O número de jornalistas mortos pelo exercício da profissão caiu em 2019 ao nível mais baixo em 17 anos, à medida que perigosos conflitos regionais se estabilizaram e a cifra de jornalistas assassinados em represália por suas coberturas foi o mais baixo desde que o CPJ começou a monitorar essas ocorrências. Síria e México foram os países mais letais.

Pelo menos 25 jornalistas foram mortos em 2019, o número mais baixo desde 2002, quando no mínimo 21 foram assassinados em conexão com seu trabalho. Ainda mais impressionante, o subconjunto de jornalistas que foram alvo de assassinos, pelo menos 10, é o menor entre os registros anuais do CPJ, que começaram em 1992. Metade dos homicídios deste ano ocorreu no México.

O CPJ ainda está investigando a morte de 25 outros jornalistas em todo o mundo para determinar se a atividade informativa foi o motivo. O dígito deste ano abrange o período de 1º de janeiro a 13 de dezembro de 2019 e se compara a 56 jornalistas mortos, com motivo confirmado, em todo o ano de 2018.

O declínio dos assassinatos ocorre em meio à atenção mundial sem precedentes à questão da impunidade em casos de mortes de jornalistas, em grande parte, devido a três casos recentes que continuam a repercutir. Em 16 de outubro de 2017, a imprensa na União Europeia ficou consternada quando um carro-bomba em Malta tirou a vida de uma importante blogueira anticorrupção, Daphne Caruana Galizia. Menos de seis meses depois, na Eslováquia, ocorreu um segundo homicídio na UE com a morte a tiros de Ján Kuciak e sua noiva, na residência deles; Kuciak vinha divulgando informações sobre a máfia italiana e a alegada apropriação indébita de fundos da UE. Mais tarde, em 2018, o assassinato e desmembramento do exilado jornalista saudita Jamal Khashoggi ocorrido no consulado da Arábia Saudita, em Istambul, Turquia, atraiu manchetes em todo o mundo.

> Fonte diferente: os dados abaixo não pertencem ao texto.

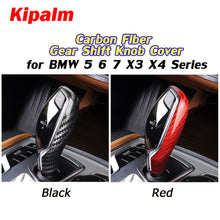 Load image into Gallery viewer, 1pcs Carbon Fiber Gear Shift Knob Cover for BMW 5 6 7 X3 X4 Series Auto Interior Accessories Cover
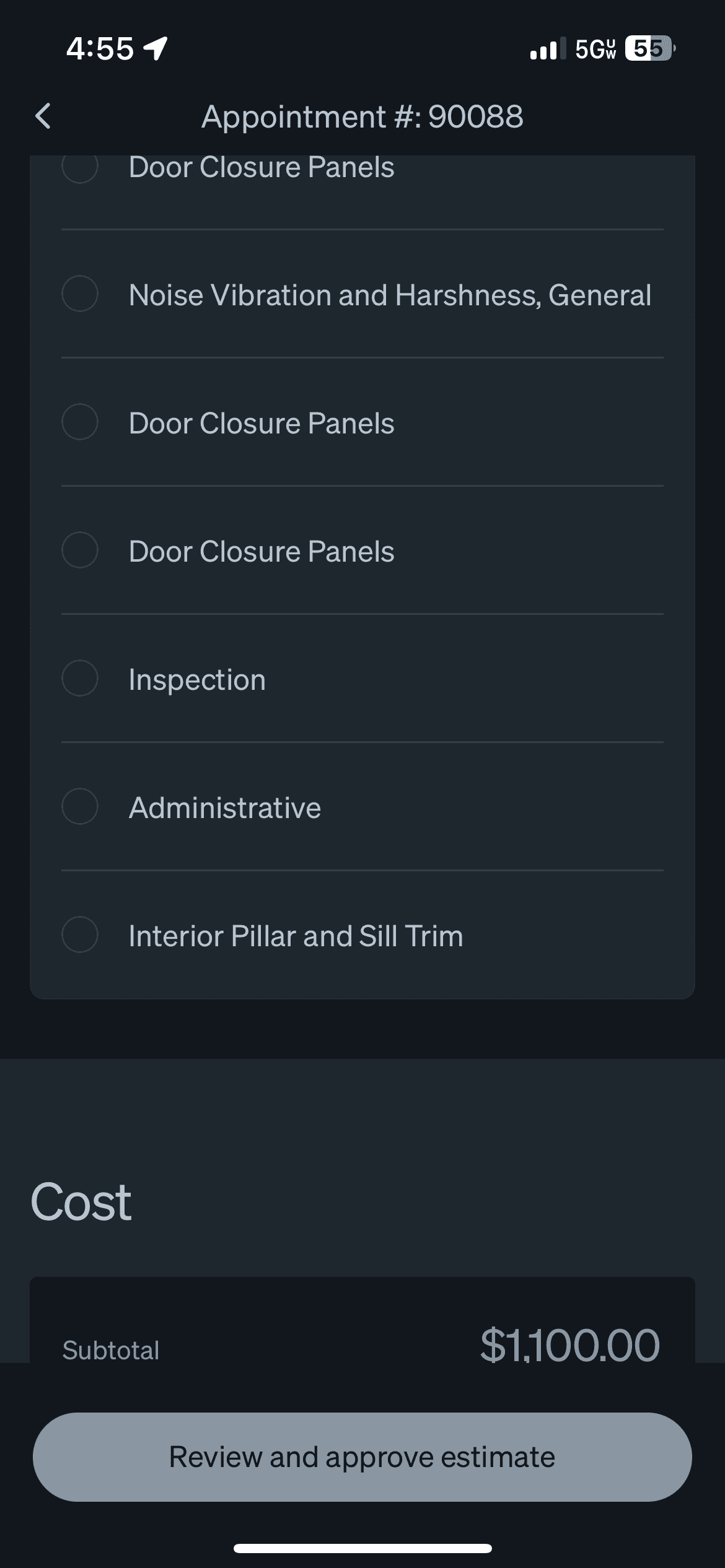 Rivian R1T R1S Warranty service cost IMG_3517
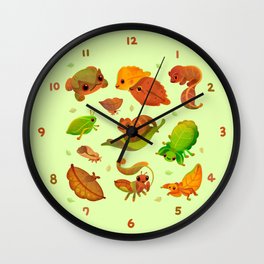 Leaf mimics Wall Clock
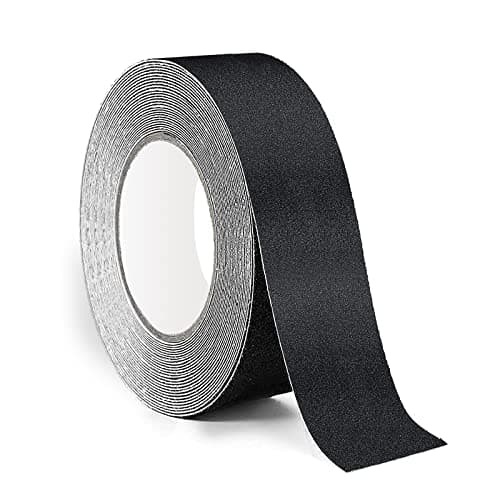 XFXIA Antideslizante Cinta Adhesiva Negra 2.5cm*20m Cinta de Seguridad Alta Tracción Fuerte Apretón Abrasivo, Tiras Antideslizante para Escalones, Rampas y Suelos Interiores y Exteriores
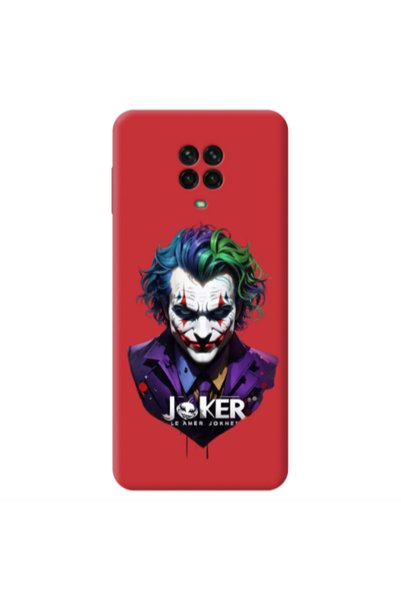 Other Xiaomi Redmi Note 9 Pro Le amer Joker Red Colored Silicone TPU Θήκη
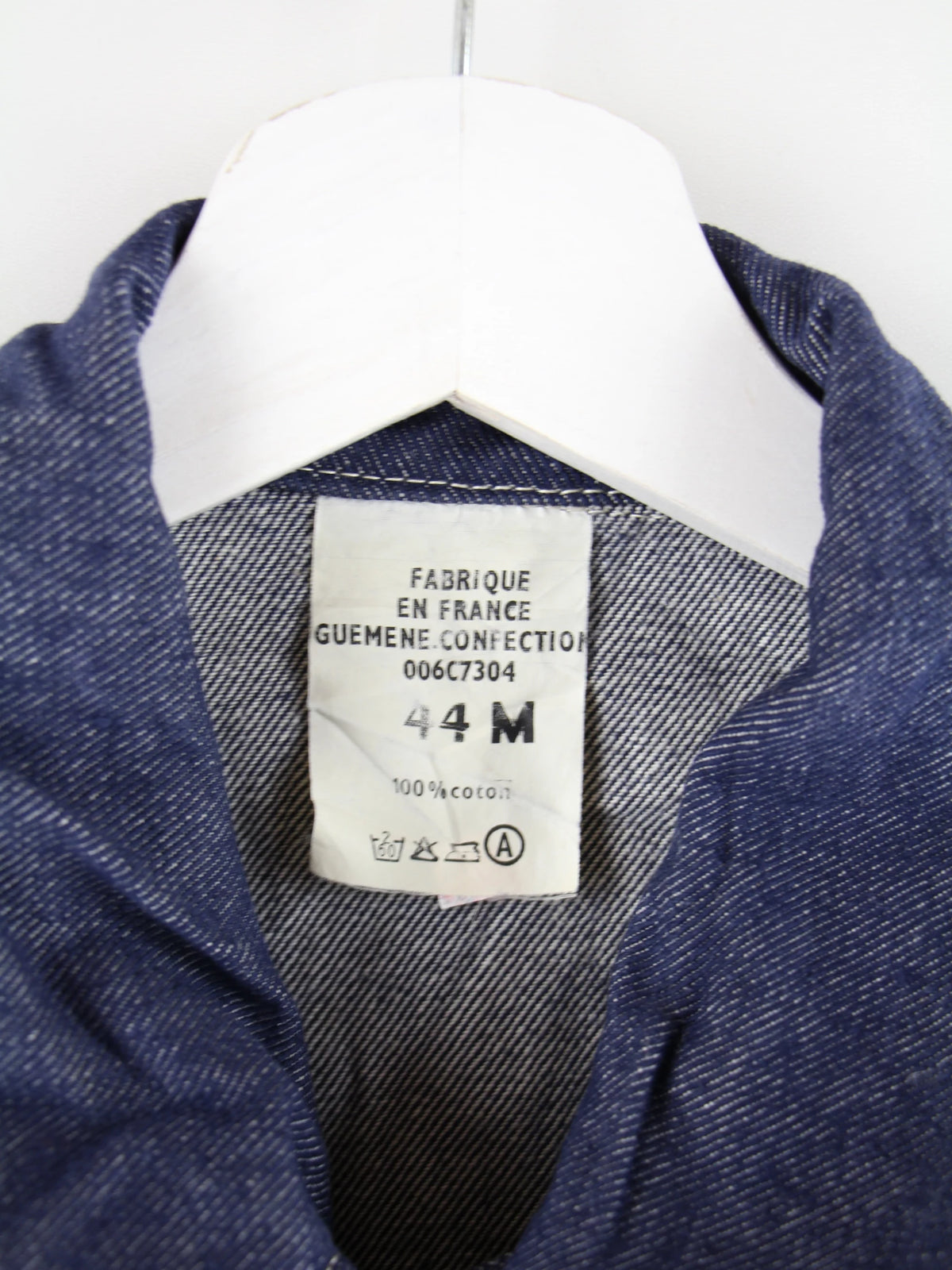 Vintage Jeansjacke Blau L – Etikett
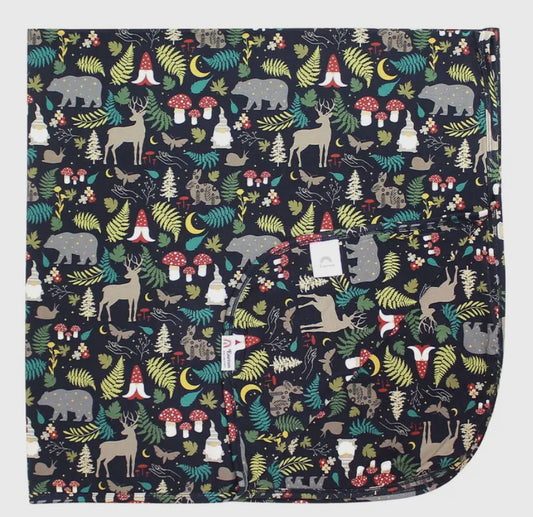 Night Forest Bamboo Baby Swaddle Blanket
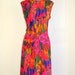 70s british vintage Windsmoor, psychedelic print dress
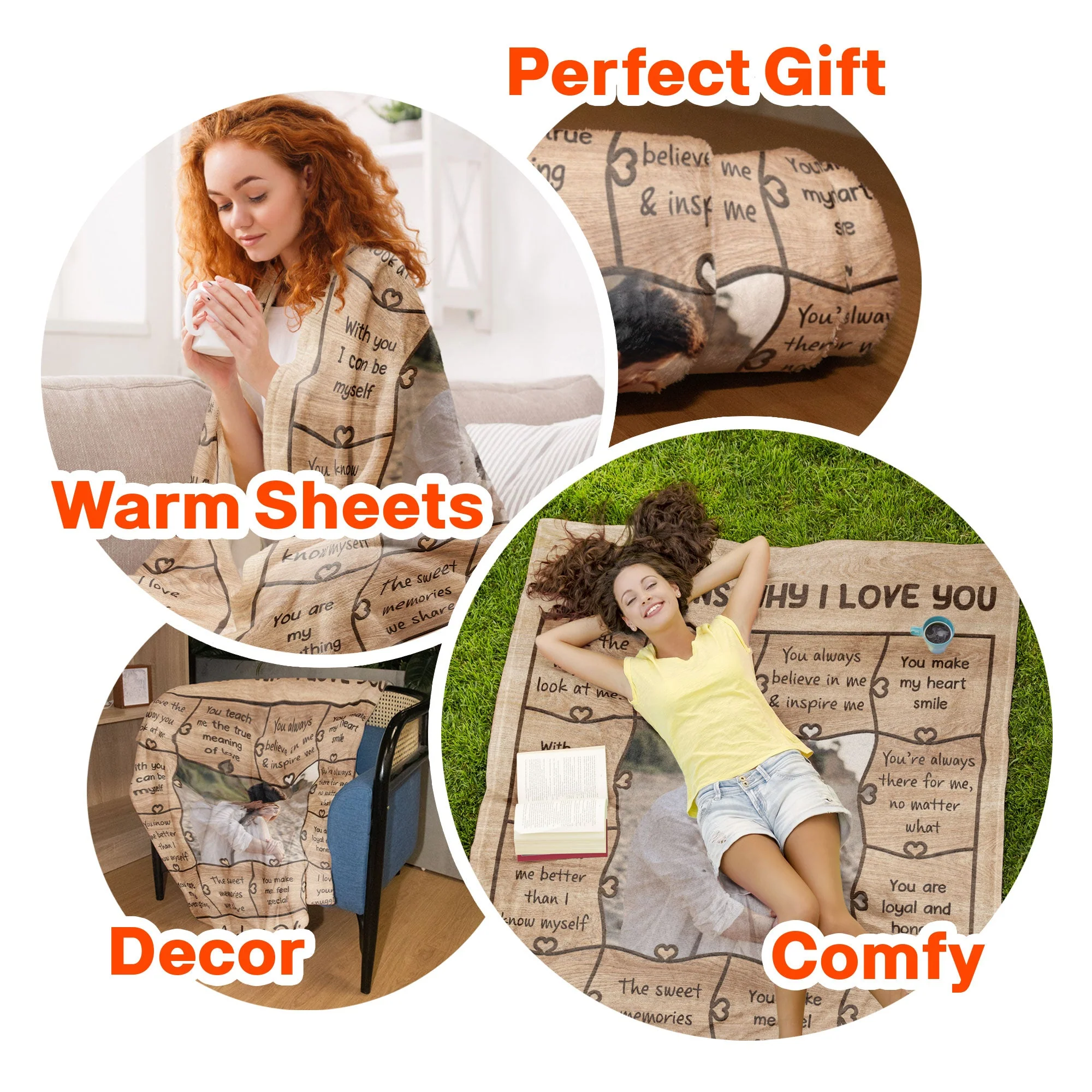 Reasons Why I Love You Couple - Personalized Photo Blanket - Image 7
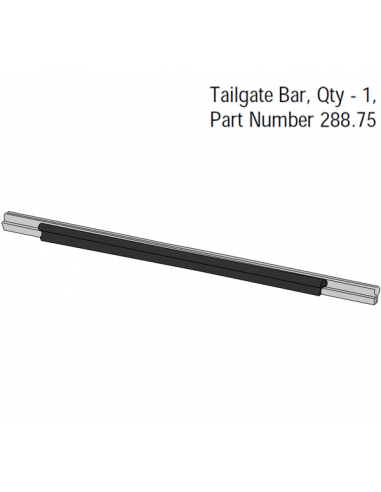 Tailgate Bar Jeep Wrangler TJ - CJ - YJ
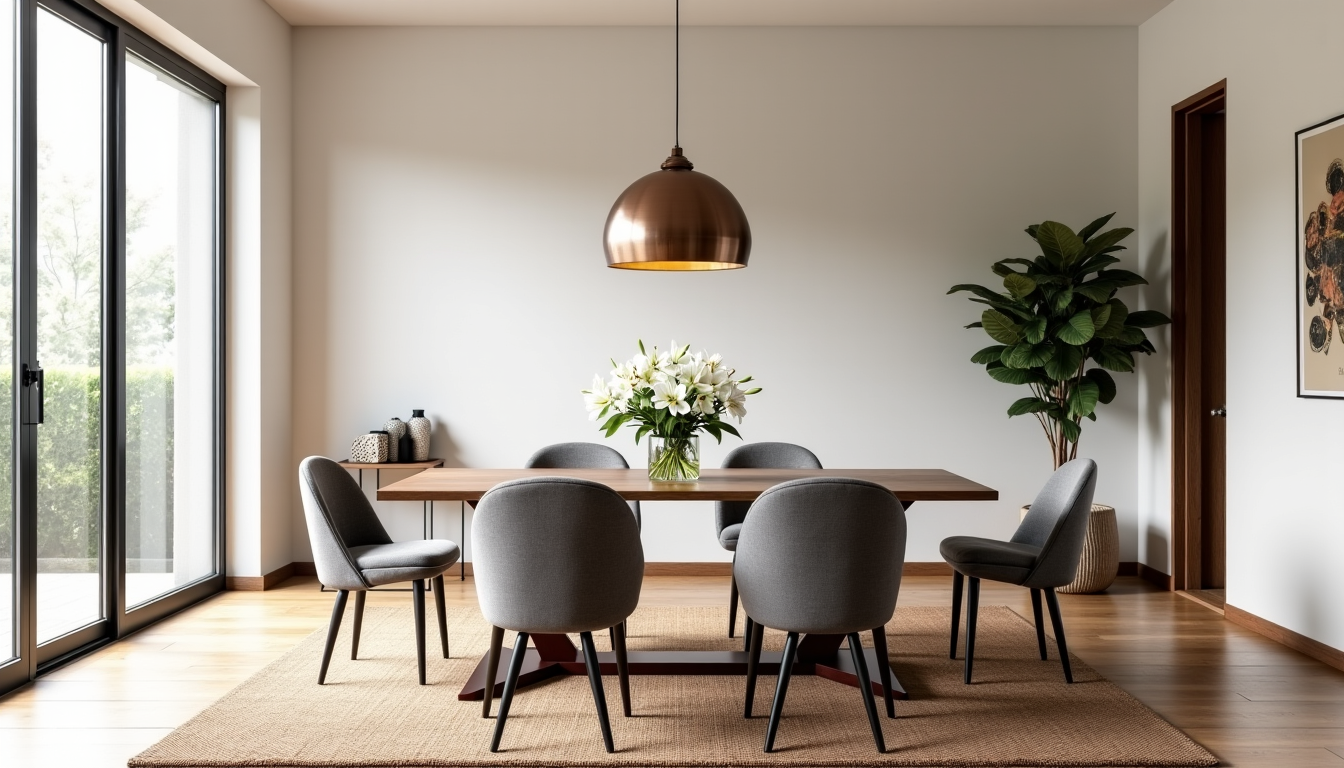 aménagement de salle à manger : les astuces pour un look contemporain et chic — cette sobriété de base n'implique aucune fadeur. vous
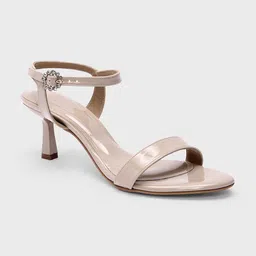 20Dresses Nude-Coloured Embellished Buckle Open Toe Slim Heels-19
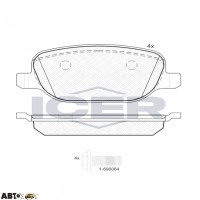 Тормозные колодки ICER 181780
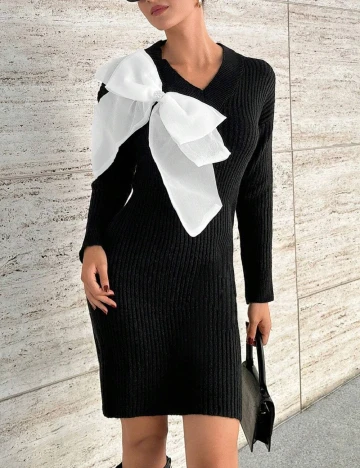 Rochie medie SHEIN, negru Negru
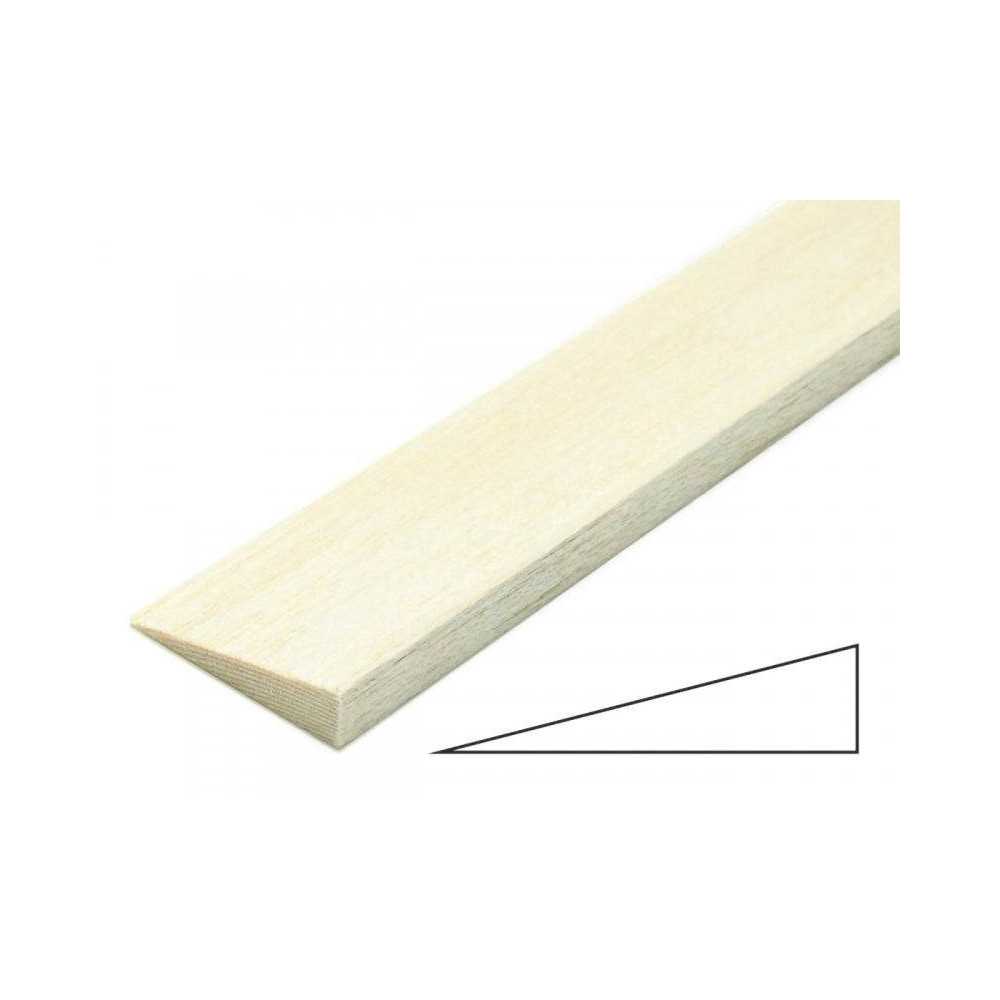 Pichler Listello Terminale Triangolare Asimmetrico in balsa 8x30x1000mm 2 pezzi (art. 16014)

Se a repercussão desses homicídios e suas consequências dissuadiram qualquer potencial assassino é impossível saber. Durante vários anos, o CPJ documenta uma redução nos casos de assassinatos de jornalistas e um aumento da autocensura em países tradicionalmente perigosos como Paquistão e Rússia, onde a falta de justiça em crimes passados ​​intimidou alguns e os levou a evitar a abordagem de assuntos críticos. Além disso, os que querem ameaçar a imprensa têm outros instrumentos além do homicídio. O número de jornalistas encarcerados em todo o mundo permaneceu por volta de 250 por quatro anos consecutivos, enquanto os de Hong Kong a Miami foram objeto de campanhas de assédio jurídico, hackers, vigilância e de descrédito, como demonstram as pesquisas do CPJ.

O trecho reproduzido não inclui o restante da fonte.